Gdy uciekał przed policją, na liczniku miał nawet 170 km/h. Podczas kilkukilometrowej "przejażdżki" złamał też szereg przepisów. 19-letni kierowca BMW swój rajd skończył w rowie. Cały pościg uwiecznił policyjny wideorejestrator. Pierwsze informacje z wypadku na krajowej "siódemce" w Skarżysku-Kamiennej (woj. świętokrzyskie) otrzymaliśmy na Kontakt 24.
Policjanci w niedzielę ruszyli w pościg za kierowcą BMW, ponieważ ten przekroczył dozwoloną prędkość i nie zatrzymał się do kontroli. Wszystko działo się na krajowej "siódemce" na pasie w kierunku Szydłowca.
Jak widzimy na nagraniu z policyjnego wideorejestratora, kierowca BMW ucieka przed policjantami, lawirując pomiędzy innymi pojazdami. W pewnym momencie zjeżdża na przeciwległy pas i o mały włos dochodzi do czołowego zderzenia z ciężarówką. Ostatecznie, po wyprzedzeniu samochodu osobowego, auto obróciło się i wylądowało w rowie.
- W terenie zabudowanym kierowca BMW poruszał się z prędkością 82 km/h (dozwolona prędkość to 50 km/h - red.). Funkcjonariusze dali sygnał, by się zatrzymał. Kierowca nie reagował na wydawane polecenia, zarówno dźwiękowe, jak i błyskowe. Gwałtownie przyśpieszył i zaczął uciekać - powiedział w rozmowie z redakcją Kontaktu 24 mł. asp.

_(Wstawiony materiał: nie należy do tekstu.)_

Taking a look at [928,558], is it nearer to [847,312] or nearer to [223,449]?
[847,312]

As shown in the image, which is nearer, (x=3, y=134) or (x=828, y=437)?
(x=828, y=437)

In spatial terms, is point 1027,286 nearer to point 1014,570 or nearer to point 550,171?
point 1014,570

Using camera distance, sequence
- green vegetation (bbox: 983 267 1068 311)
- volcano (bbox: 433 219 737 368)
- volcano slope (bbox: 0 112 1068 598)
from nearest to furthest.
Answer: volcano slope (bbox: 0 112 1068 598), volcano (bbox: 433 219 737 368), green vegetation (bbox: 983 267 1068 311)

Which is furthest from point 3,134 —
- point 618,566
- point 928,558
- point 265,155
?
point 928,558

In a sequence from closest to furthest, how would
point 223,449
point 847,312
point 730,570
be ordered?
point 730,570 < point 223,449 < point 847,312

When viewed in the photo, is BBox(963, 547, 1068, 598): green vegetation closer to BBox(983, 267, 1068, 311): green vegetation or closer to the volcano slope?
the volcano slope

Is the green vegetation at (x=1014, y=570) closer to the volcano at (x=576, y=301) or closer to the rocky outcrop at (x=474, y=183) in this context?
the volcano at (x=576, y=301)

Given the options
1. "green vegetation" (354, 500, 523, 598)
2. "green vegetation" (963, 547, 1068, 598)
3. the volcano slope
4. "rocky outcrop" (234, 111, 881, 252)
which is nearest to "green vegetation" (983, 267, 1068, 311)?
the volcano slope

Damian Szwagierek, oficer prasowy Komendy Powiatowej Policji w Skarżysku-Kamiennej.
Na liczniku ponad 170 km/h
Policjanci z nieoznakowanego radiowozu ruszyli w pościg. Jak wyjaśnia mł. asp. Szwagierek, 19-letni kierowca podczas ucieczki, złamał szereg przepisów ruchu drogowego. - Jechał bardzo agresywnie, brawurowo; wyprzedzał sznur pojazdów na przejściach dla pieszych i na linii podwójnej ciągłej. Swoim zachowaniem stwarzał realne zagrożenie dla innych uczestników ruchu drogowego - tłumaczył policjant.
Jak dodał, podczas pościgu, funkcjonariusze dwukrotnie dokonali pomiaru prędkości kierowcy BMW. - Drugi pomiar, w terenie zabudowanym, wskazywał 142 km/h i trzeci, już poza terenem zabudowanym, ponad 170 km/h - powiedział oficer prasowy skarżyskiej policji.
"Obróciło go kilka razy wokół własnej osi"
Mł. asp. Szwagierek tłumaczył, że po przejechaniu kilku kilometrów 19-letni kierowca postanowił zawrócić. - Dojechał do granicy powiatu skarżyskiego i szydłowieckiego. Zawrócił i podczas wyprzedzania innego pojazdu, na wysokości ul. Wileńskiej, stracił panowanie nad pojazdem, zjechał na przeciwległy pas ruchu i wjechał do przydrożnego rowu - relacjonował. - Uderzył przodem o ten rów, odbił się od niego i obróciło go kilka razy wokół własnej osi. Finalnie tyłem pojazdu wylądował w rowie - dodał.
Jechał z pasażerami
Jak się okazało, oprócz 19-letniego kierowcy, w samochodzie było dwoje pasażerów. - Kobieta i mężczyzna z ogólnymi obrażeniami zostali przewiezieni do szpitala. Kierowcy samochodu nic się nie stało - przekazał mł. asp. Szwagierek.
Dlaczego 19-latek nie zatrzymał się do kontroli? - Kierowca był trzeźwy, ale podczas kontroli okazało się, że nigdy nie miał prawa jazdy. I prawdopodobnie to było przyczyną jego ucieczki - zaznaczył policjant. Sprawa swój finał będzie miała w sądzie.